** WHAT THE EXERCISE ASKS **
Restate the whole of the data below word for word, skipping the images.

-------- GIVEN DATA

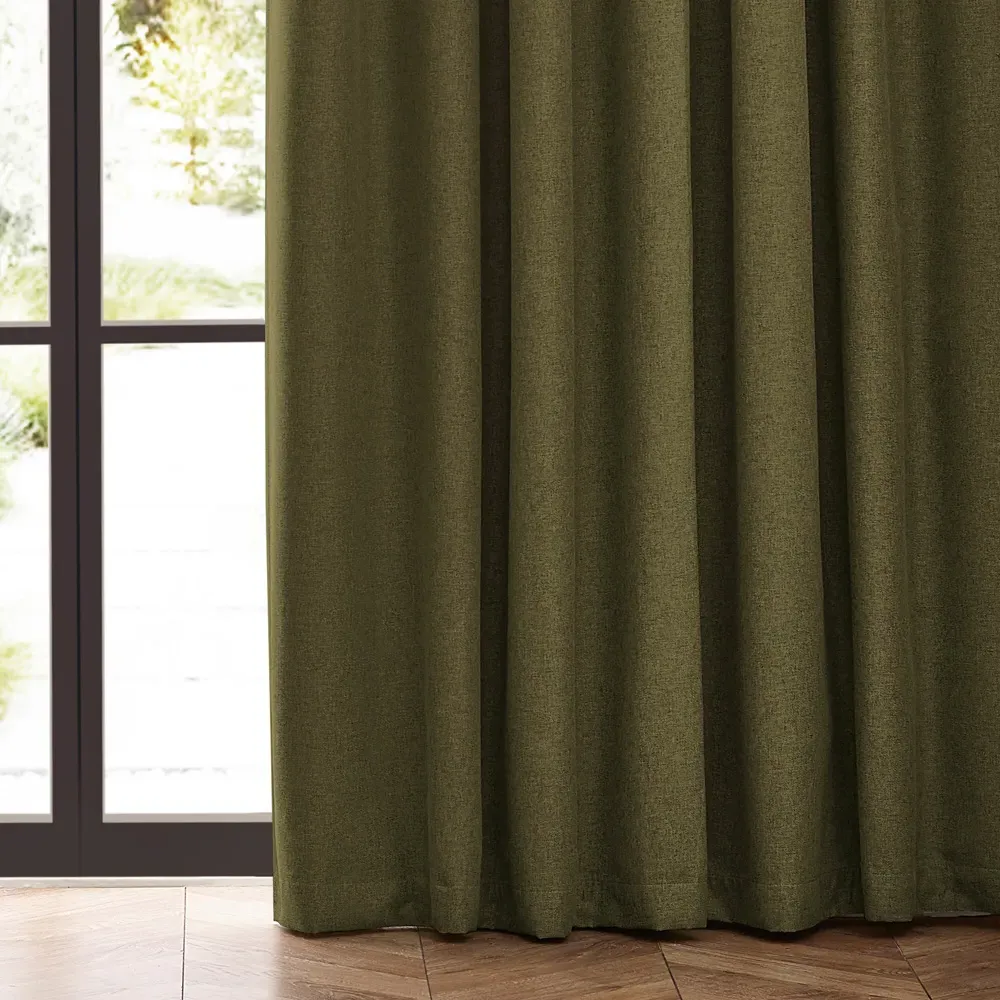 Dawn Blackout Pencil Pleat Curtains - Green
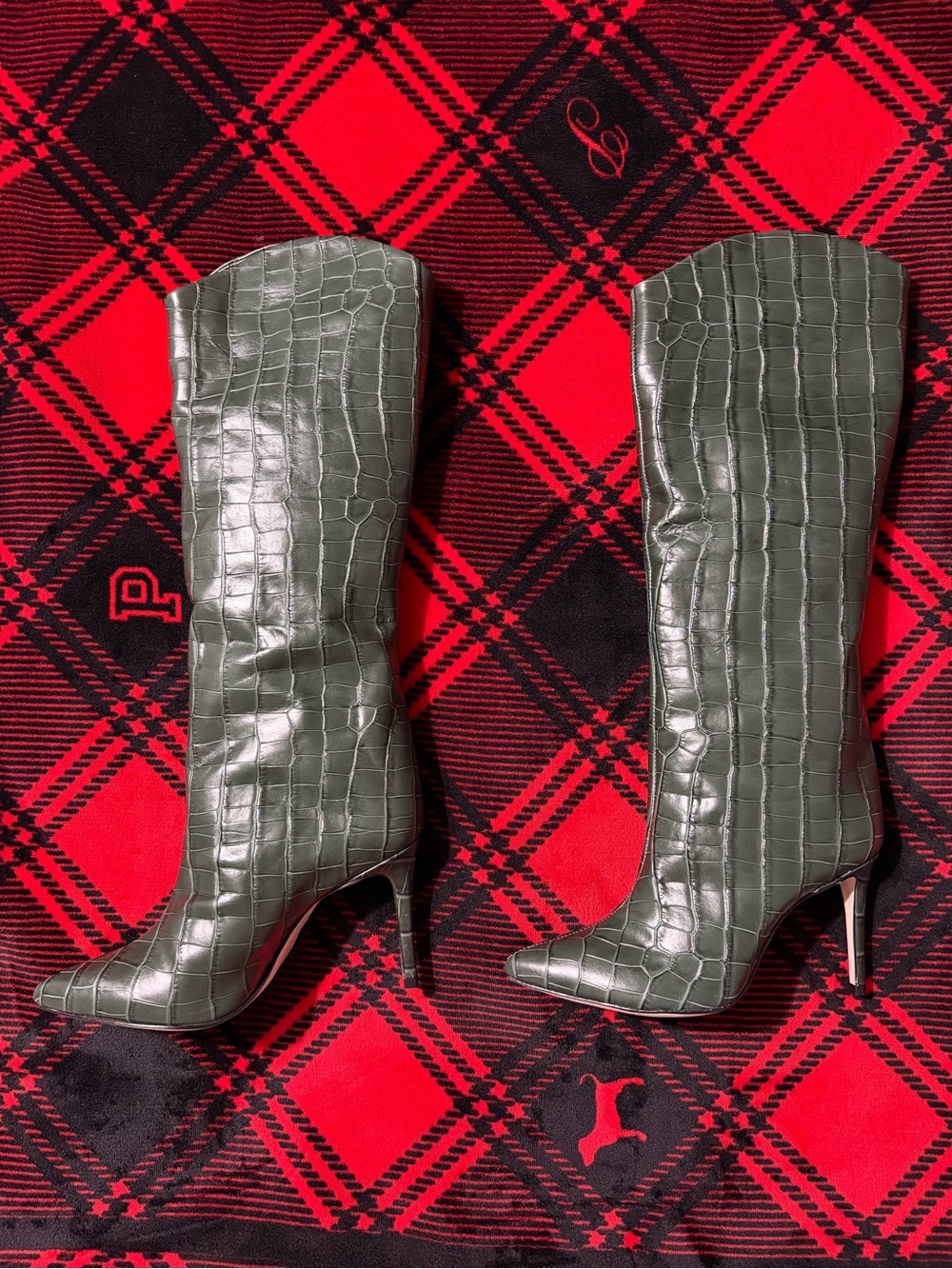Schutz Maryana Croc-Embossed Knee-High Boots – Green – Size 7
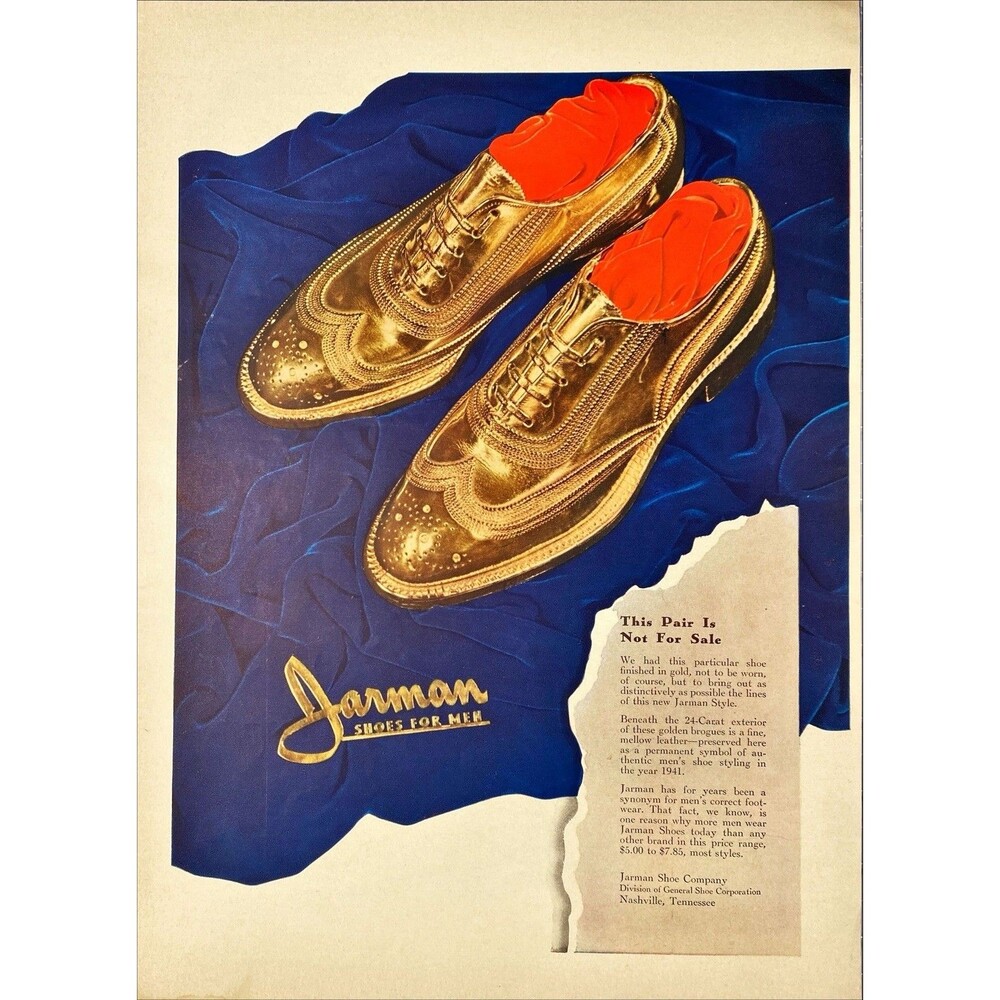 Jarman Shoes for Men "Distinctive Footwear" Vintage Print Ad 1940-41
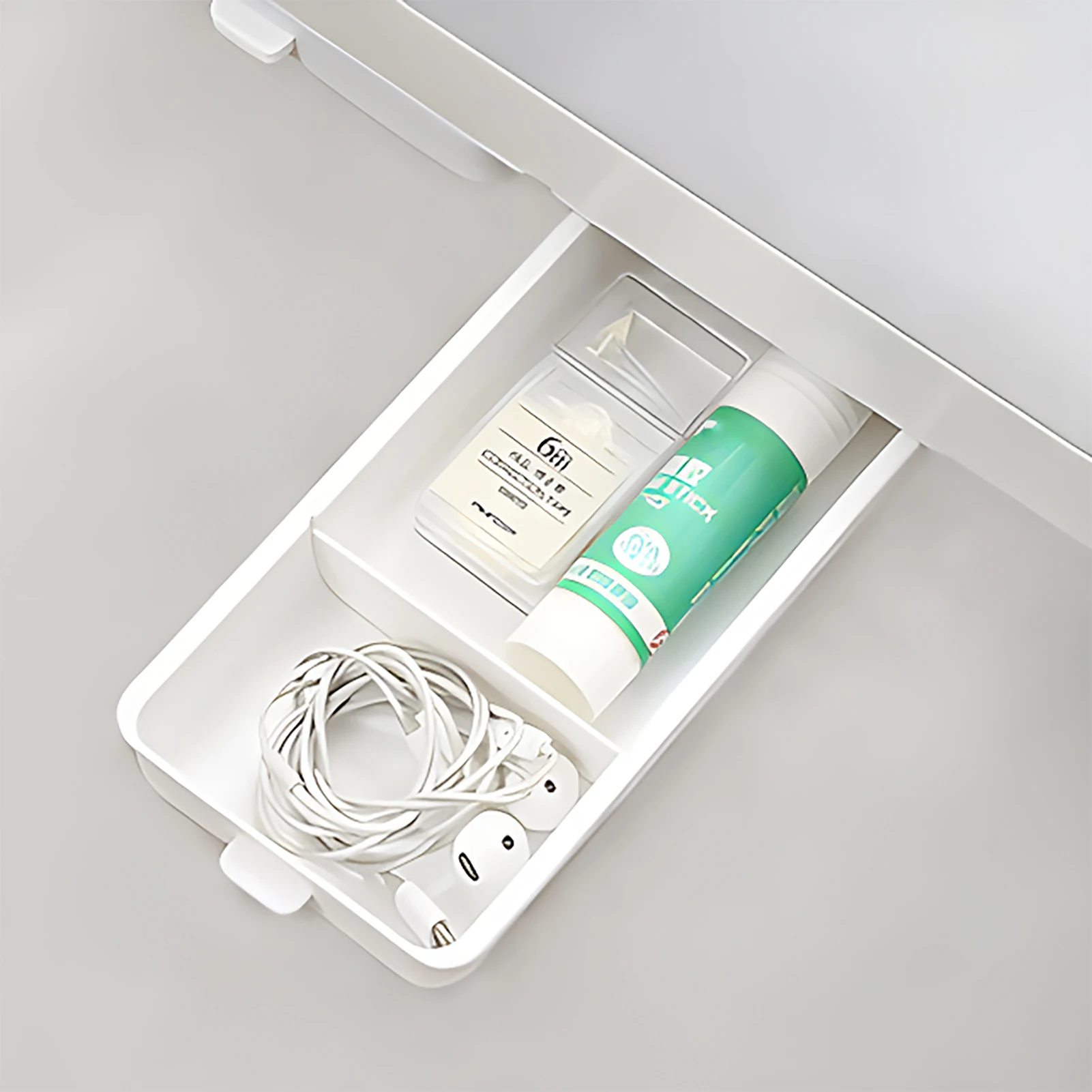 Under Desk Drawer Organizer Invisible Storage Box Self-Adhesive Stationary Container Bedroom Desk Sundry Organizer Makeup Holder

----------------

** WRITTEN SOLUTION **
 Dawn Blackout Pencil Pleat Curtains - Green
Schutz Maryana Croc-Embossed Knee-High Boots – Green – Size 7
 Jarman Shoes for Men "Distinctive Footwear" Vintage Print Ad 1940-41
 Under Desk Drawer Organizer Invisible Storage Box Self-Adhesive Stationary Container Bedroom Desk Sundry Organizer Makeup Holder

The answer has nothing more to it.